Ve Mary Celeste´nin kaderi
Bermuda Üçgeni konusunu Mary Celeste´den söz etmeden bitirmek mümkün değildir. Mary Celeste yaklaşık 300 m. boyunda, 282 ton ağırlığında Brigade tipinde bir şilepti. Bulunduğunda tamamen boş olarak yüzüyordu, 4 Aralık 1872´de Dei Gratia´dan yükünü almış ve gelecek ay New York´a ulaşmak için yola çıkmıştı. 7 Kasım´da Cenova limanındaydı, bir hafta sonra da Cebelitarık Boğazı´nı aşmış, onu Dei Gratia´da ilk görenler geminin yüzüşünde bir gariplik olduğunu söylemişlerdi. Ama daha sonra boş olarak bulunduğunda geminin mükemmel durumda olduğu anlaşıldı, sadece filikaları yoktu. Mary Celeste´nin içindekilerin kaybolmasıyla ilgili sayısız öykü vardır, kaptanın tüm yolcuları ve mürettebatı birer birer öldürüp kanını içtikten sonra yeraltı dünyasına gittiği fantazyasına kadar... Ama biz doğal olasılıkları görelim;
1. Mary Celeste, hiçbir zaman Şeytan Üçgeni´ne girmedi. Bulunduğunda Azorlar´la, Portekiz arasında denizde sürükleniyordu.
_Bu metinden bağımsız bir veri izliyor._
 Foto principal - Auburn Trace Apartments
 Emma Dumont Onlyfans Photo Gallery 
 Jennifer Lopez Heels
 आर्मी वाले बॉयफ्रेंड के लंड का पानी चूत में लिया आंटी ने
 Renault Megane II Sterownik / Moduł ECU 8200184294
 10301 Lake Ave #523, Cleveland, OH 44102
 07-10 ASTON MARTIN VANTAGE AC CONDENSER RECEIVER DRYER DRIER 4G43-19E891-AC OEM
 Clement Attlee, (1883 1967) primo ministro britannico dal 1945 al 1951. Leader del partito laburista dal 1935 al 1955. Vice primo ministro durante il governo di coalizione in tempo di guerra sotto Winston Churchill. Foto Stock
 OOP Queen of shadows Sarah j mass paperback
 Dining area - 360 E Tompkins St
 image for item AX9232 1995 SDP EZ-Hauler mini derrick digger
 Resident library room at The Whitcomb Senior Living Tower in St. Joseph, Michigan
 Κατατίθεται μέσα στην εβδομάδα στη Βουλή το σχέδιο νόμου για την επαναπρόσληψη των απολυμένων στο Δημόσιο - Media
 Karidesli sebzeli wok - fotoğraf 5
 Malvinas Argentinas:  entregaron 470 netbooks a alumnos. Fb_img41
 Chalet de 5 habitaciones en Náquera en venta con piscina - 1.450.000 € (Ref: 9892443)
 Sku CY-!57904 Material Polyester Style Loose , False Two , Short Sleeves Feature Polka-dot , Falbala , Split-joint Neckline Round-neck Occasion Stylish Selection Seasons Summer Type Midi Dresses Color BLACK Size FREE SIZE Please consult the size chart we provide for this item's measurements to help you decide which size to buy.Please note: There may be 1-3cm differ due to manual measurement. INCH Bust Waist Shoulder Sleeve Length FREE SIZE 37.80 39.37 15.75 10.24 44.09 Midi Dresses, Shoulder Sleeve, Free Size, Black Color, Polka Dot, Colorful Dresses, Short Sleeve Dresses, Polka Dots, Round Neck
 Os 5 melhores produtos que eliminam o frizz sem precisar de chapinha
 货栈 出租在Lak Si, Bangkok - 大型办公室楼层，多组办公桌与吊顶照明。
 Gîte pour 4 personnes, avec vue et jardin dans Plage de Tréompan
2. Gemi son derece tehlikeli bir mevsimde denize açılmıştı, yolunun üstünde Atlantiğin kış fırtınaları vardı. Büyük bir fırtına ile karşılaşmışlar ve geminin batacağını sanarak filikalara binmişler ve açık denizde kaybolmuşlardı ama gemi batmamıştı
3. Olayın Bermuda Üçgeni ile ilgisi olmadığını bir kez daha anımsatalım. Benzeri kazalar dünyanın her yerinde sayısızdır ve sadece Hint Okyanusu´nda terk edilmiş ve içindeki insanların bulunamadığı yüzlerce gemiye raslanmıştır. Kısacası Mary Celeste, Bermuda Üçgeni´ne takılı bir kulptur.
İşte size Bermuda Şeytan Üçgeni´ne öteki kapıdan bir bakış. Şimdi karar sizin ama bir düşünün, kolay olan efsaneleri yaratmaktır, zor olan ise bilgiye ulaşmaktır hele hele gerekli olan bilgiye...
Çağdaş mitleri sıralarsak, ilk üçe muhakkak Bermuda Şeytan Üçgeni girer, Bermuda gizemi benzerlerinden çok fazla malzemeye sahiptir, kamoyuna malolmuş, kitaplarda, filmlerde kullanılan malzeme yerel düzeyde anlatılan malzemenin çok azını oluşturur, geride inanılmaz büyüklükte malzeme bulunmaktadır. Yazımızın ana amacı öncelikle bilimsel olduğu varsayılan yani bilimin zahmet edip popüler bir açıklama getirmediği yayınların iddialarını tartışmaya yöneliktir. Burada tartışılan Üçgen´de ışık hızında olayların yaşandığı iddialarıdır veya Üçgen´in mistik bir alan olduğudur ya da UFO´ların üssü olduğu şeklindeki abartılı iddialardır.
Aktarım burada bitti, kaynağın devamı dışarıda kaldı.